BurdocParser
BurdocParser provides the primary interface for extracting PDFs. It builds a processing chain, based on user configuration and extracts content.
- class burdoc.burdoc_parser.BurdocParser(detailed: bool = False, skip_ml_table_finding: bool = False, ignore_images: bool = False, max_threads: int | None = None, log_level: int = 20, show_pages: bool = False)
Top-level class to extract structured content from PDF.
Example Usage:
`python from burdoc import BurdocParser content = BurdocParser.read("file.pdf") `- __init__(detailed: bool = False, skip_ml_table_finding: bool = False, ignore_images: bool = False, max_threads: int | None = None, log_level: int = 20, show_pages: bool = False)
Instantiate a BurdocParser. Note that one of either html_out or json_out must be true
- Parameters:
detailed (bool) – Include detailed information such as font statistics and bounding boxes in the output
skip_ml_table_finding (bool) – Whether to use ML table finding algorithms.
ignore_images (bool) – Don’t extract any images from the document. Much faster but prone to errors if images used as layout elements.

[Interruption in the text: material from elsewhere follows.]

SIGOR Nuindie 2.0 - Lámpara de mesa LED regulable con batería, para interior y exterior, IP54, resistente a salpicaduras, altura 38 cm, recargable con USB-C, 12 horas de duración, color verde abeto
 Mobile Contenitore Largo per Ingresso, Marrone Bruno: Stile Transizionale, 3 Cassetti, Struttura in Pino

max_threads (Optional[int], optional) – Maximum number of threads to run. Set to None to use default system limits or 1 to force single-threaded mode. Defaults to None.
log_level (int, optional) – Defaults to logging.INFO.
show_pages (bool, optional) – Draw each page as it’s extracted with extraction information laid on top. Primarily for debugging. Defaults to False.
- Raises:
ImportError – transformer library detected but loading transformer library failed.
- print_profile_info()
Print performance profile for last run
- read(path: str, pages: List[int] | None = None, extract_images: bool = True, extract_page_images: bool = False, extract_page_hierarchy: bool = True) Any
Read a PDF and output a structured response
- Parameters:
path (str) – Path of the pdf to load
pages (Optional[List[int]], optional) – List of pages to extract. Defaults to None.
extract_images – (bool): Extract images from PDF. This can cause the output to become extremely large. Default is False
extract_page_images – (bool): Extract the page images rendered as part of the processing. Default is False
extract_page_hierarchy – Extract a list of headings and titles. Default is False.
- Raises:
FileNotFoundError – If the file cannot be found.
EmptyFileError – If the file has zero length. Subclass of FileDataError and RuntimeError
ValueError – If unknown file type is specified. Subclass of RuntimeError
FileDataError – If the document has an invalid structure for the given type. Subclass of RuntimeError
- Returns:
Structured content, has format {
’metadata’ (Dict[str, Any]): Any metadata about the file itself ‘content’ (Dict[int, List[Any]]): Ordered content organised per-page ‘page_hierarchy (Dict[int, List[Any]]): Headers found in each page ‘images’, (Dict[int, List[PIL.Image.Image]], optional): Images extracted from
each page. Only generated if extract_images is True
- ’page_images’, (Dict[int, PIL.Image.Image], optional): Image rendered for each page.
Only generated if generate_page_images is True.
}
- Return type:
Dict[str, Any]